**EXERCISE OBJECTIVE**
Take the records below and set down exactly the lines from the one with "兵庫県加西市北条町古坂7丁目" to the one with "2021 Toyota URBAN", ends included; do not copy the pictures.

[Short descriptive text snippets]
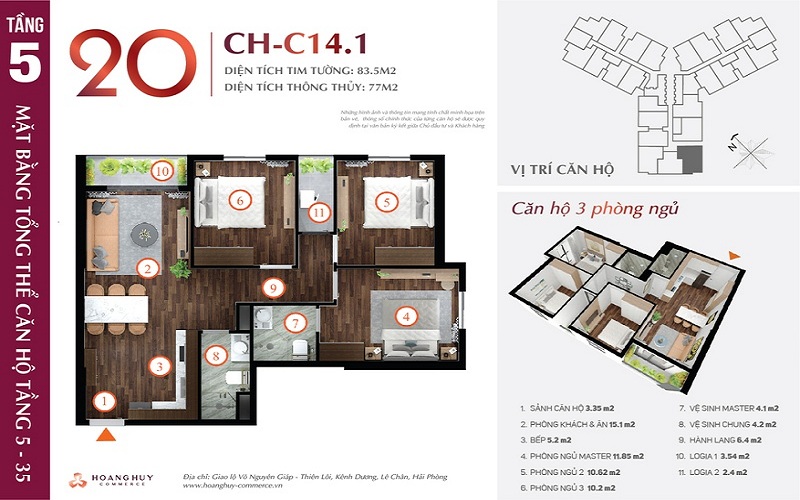 Chung cư Hoàng Huy Commerce Chung cư Hoàng Huy Commerce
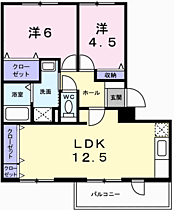 兵庫県加西市北条町古坂7丁目（賃貸マンション2LDK・3階・60.37㎡） その2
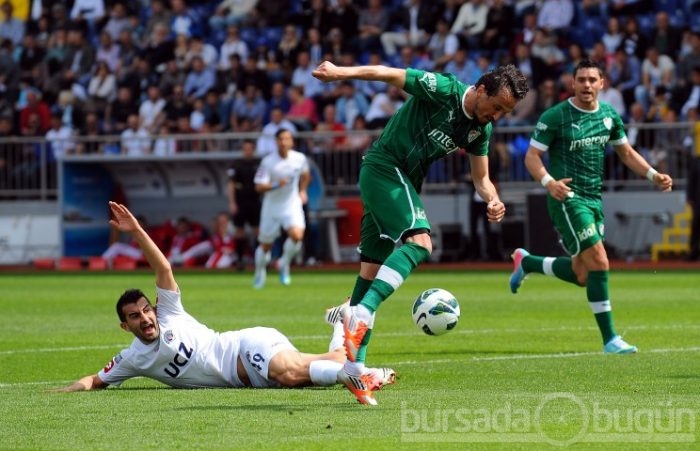 Bursaspor Paşa'ya takıldı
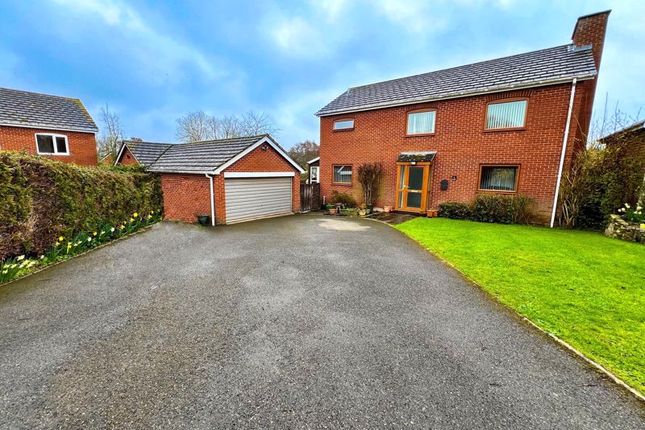 Thumbnail Detached house for sale in Copper Beeches Close, Much Dewchurch, Hereford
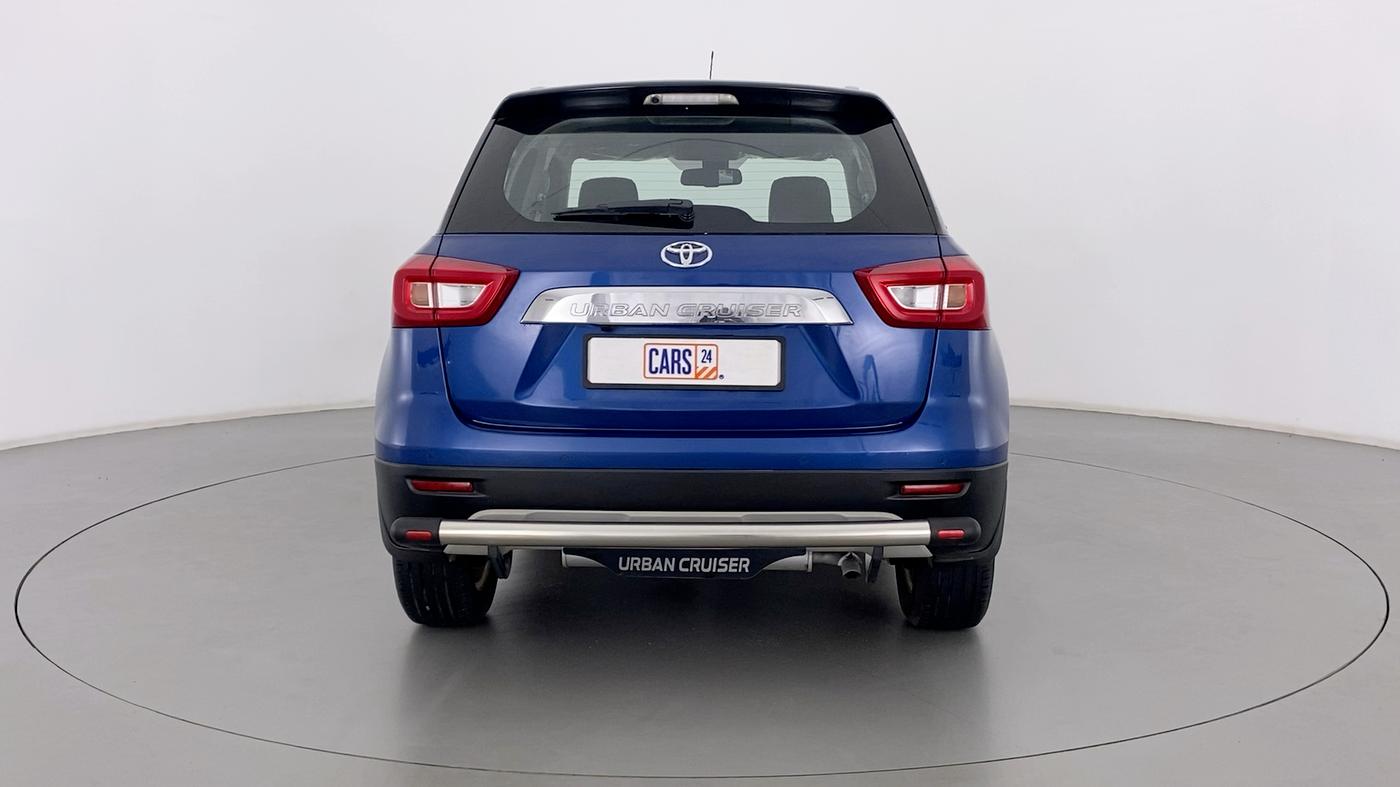 2021 Toyota URBAN CRUISER PREMIUM MT, Petrol, Manual, 22,812 km, Back/Rear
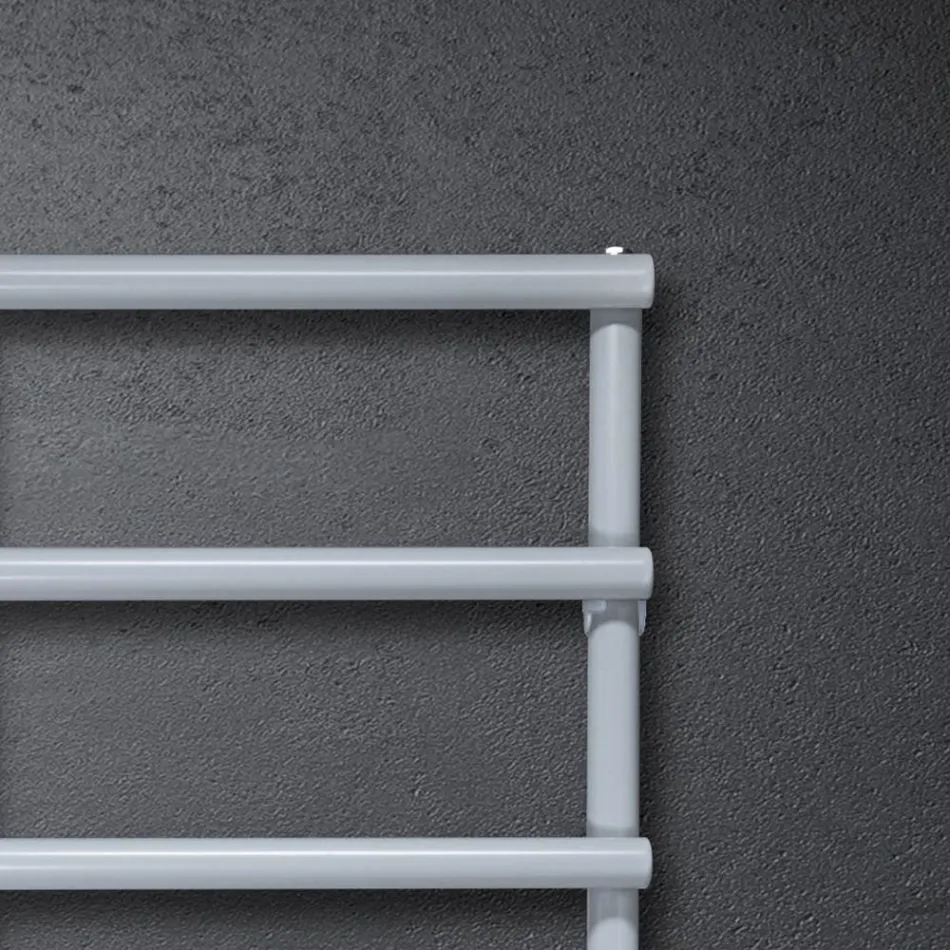 Ngrohëse elektrike për peshqirë me elemente rrethore Made in Italy - Strawberry Viadurini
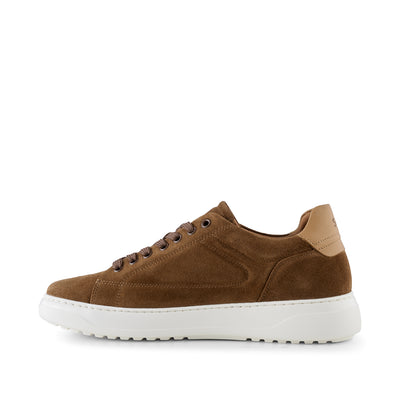 WODEN x STB MENS Rune sneaker suede Sneakers 135 TAN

**TASK RESPONSE**
 兵庫県加西市北条町古坂7丁目（賃貸マンション2LDK・3階・60.37㎡） その2
 Bursaspor Paşa'ya takıldı
 Thumbnail Detached house for sale in Copper Beeches Close, Much Dewchurch, Hereford
 2021 Toyota URBAN CRUISER PREMIUM MT, Petrol, Manual, 22,812 km, Back/Rear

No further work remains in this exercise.